Excellent, detailed commentary.
Thank you!
Notes:
a. "Combining Intensity/Effects could be a good idea"
Definitely possible, depending on the whole mix of categories.
b. "Upbeat/Genki should be brought back"
Again, it's fun to mix things up over the years; we have done UPBEAT
before and it's a workable category. Editors know what to aim for.
c. "'Not What This Anime Is About' proved to be too difficult to judge"

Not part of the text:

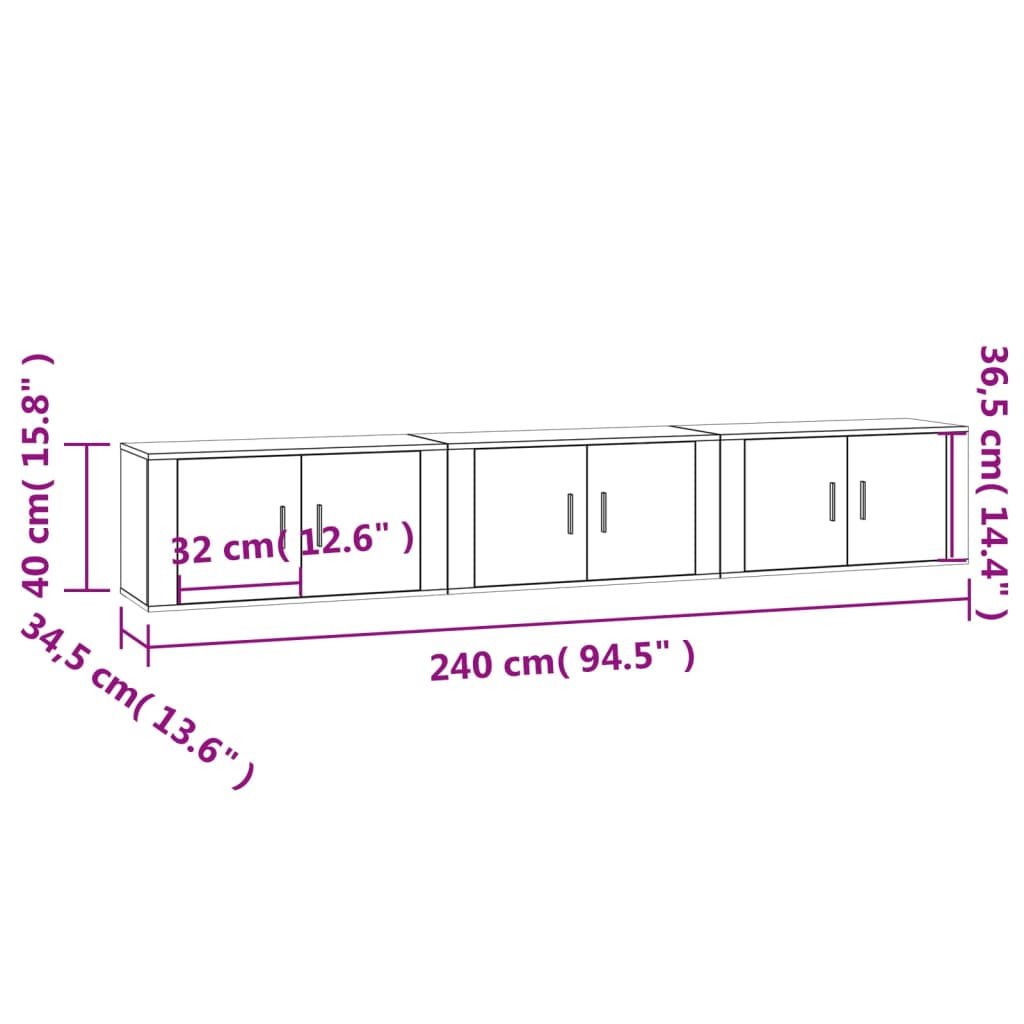 vidaXL Meubles TV muraux 3 pcs chêne marron 80x34,5x40 cm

We may need to look at tuning the definitiion of this category and
also renaming it. this thread is a good place to examine and hammer out
what worked and what didn't.
d. "A divide seems to have formed between the interests of the average
con-goer and the judges: 'strong concept' AMVs vs 'high resolution,
well-executed'"
This is a profound observation and I will be talking with Kumoricon
members and staff who are familiar with this past year's contest
and other recent contests, to assess a general opinion. Some of this
may be changing the way I select judges, so that we get a mix of
screeners who can select for overall entertainment, rather than
technical crispness.
Another way to do the 'cherry picking' might be to run 6 audience
entertainment focused categories, and emphasize that high resolution
and exactitude in lip flaps, music synch, etc should take a backseat
to the effectiveness of story being told.

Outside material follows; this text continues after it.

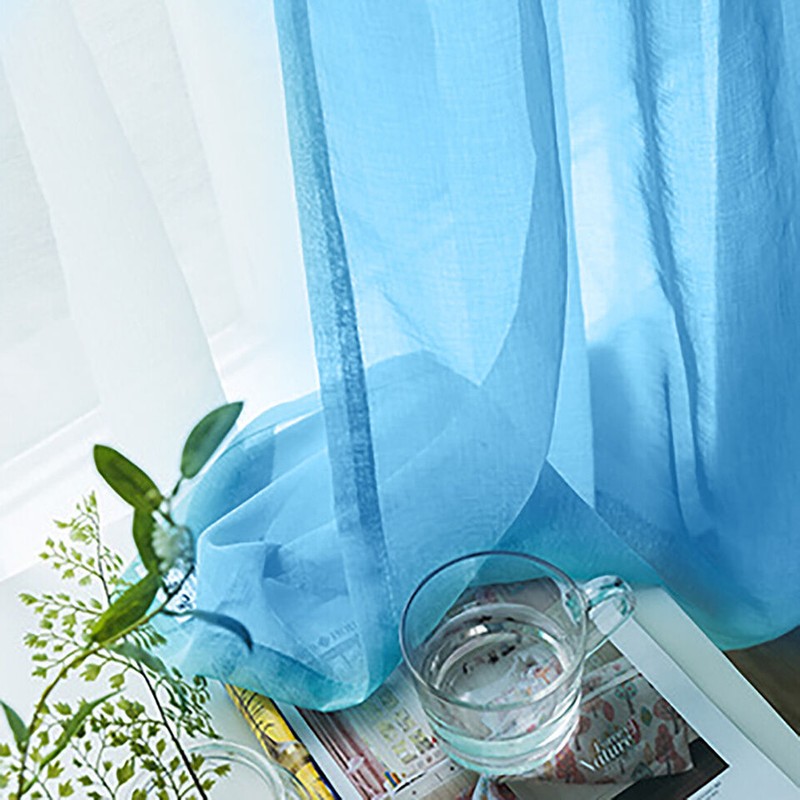 Sheer Curtains Living Room Rod Pocket Window Curtain Panels Bedroom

THEN run 4, 5, or 6 AMVs in a 'Technical Quality' category which is
not directly open to submission, but is selected by the judges. These
entries would highlight editing skills and be selected from entries
already sent to the categories, but which had not enough IMPACT in
the category itself but were still VERY GORGEOUS to look at. Let the
audience vote that one. The 'Technical Quality' award might actually
take the place of the Judges' Choice award, in that if next year's
group of judges seems too focussed on technical prowess, we have them
pull a sub-set set of their faves and let the audience crown it.

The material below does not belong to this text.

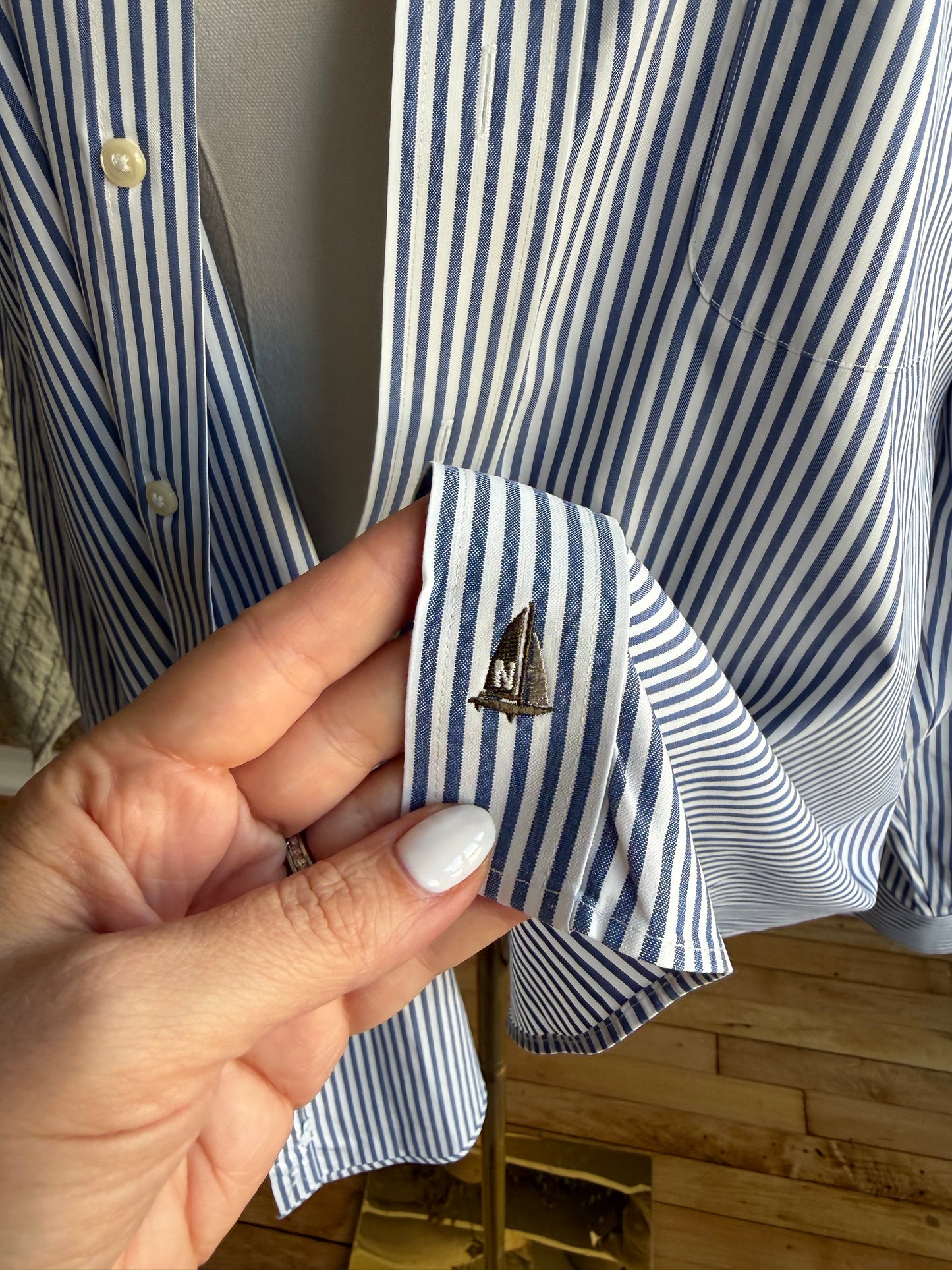 90s Nordstrom blue and white striped poplin button down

But one drawback there is that the audience tends to vote for popular
characters rather than technical excellence and that a well-made AMV
can get eclipsed by Naruto Shippuden, One Piece, etc. Could you image
if an AMV had made a visual reference to some Homestuck characters,
or a bucket joke? Sure we would have fired up the crowd, but I would
have felt that for a non-anime based joke to 'steal' from the other
'real anime' works would have been unfortunate - especially if the
other contender are more beautifully drawn than Homestuck.
One last thought - this effect could be a backlash from the time a few
years back that the parody Twilight movie review ran off with its category
prize while technically the AMV was very little more that switching back
between 3 or 4 talking heads. I heard a lot of grumbling from the EDITORS
about that...
e." It would be good to move away from internet memes being the crux of
our Comedy; each year meme AMVs seem to be more and more poorly received."
I change up my mix of judges over each year, but THIS time a plurality of
them picked the 3 meme-based submissions and said "let's throw them ALL
at the audience!!" This will make it more likely that next year's group
may more biased AGAINST internet jokes, especially when I can remind them
that 'guys, LAST YEAR wat the Year of the Internet Meme; the joke has been
beaten to death already. Oh, and please no CHAIR AMVs either, OK?"
So this is unlikely to be repeated in any case.
My other comments:
f. 'Instrumental' comes and goes and I may run it one more time before
giving it a rest. This one puts English-speaking and other foreign language
editors on a more level playing field, which is kinda fair because it's
difficult for a non-English speaker to make a Trailer AMV for our audience.
Either you are working with a second language and you are not EXACTLY sure
whether your commentary will strike home, or you try a foreign language
trailer, and then almost no one at the Kumoricon audience will understand
it and most of them cannot be bothered to read English subtitles.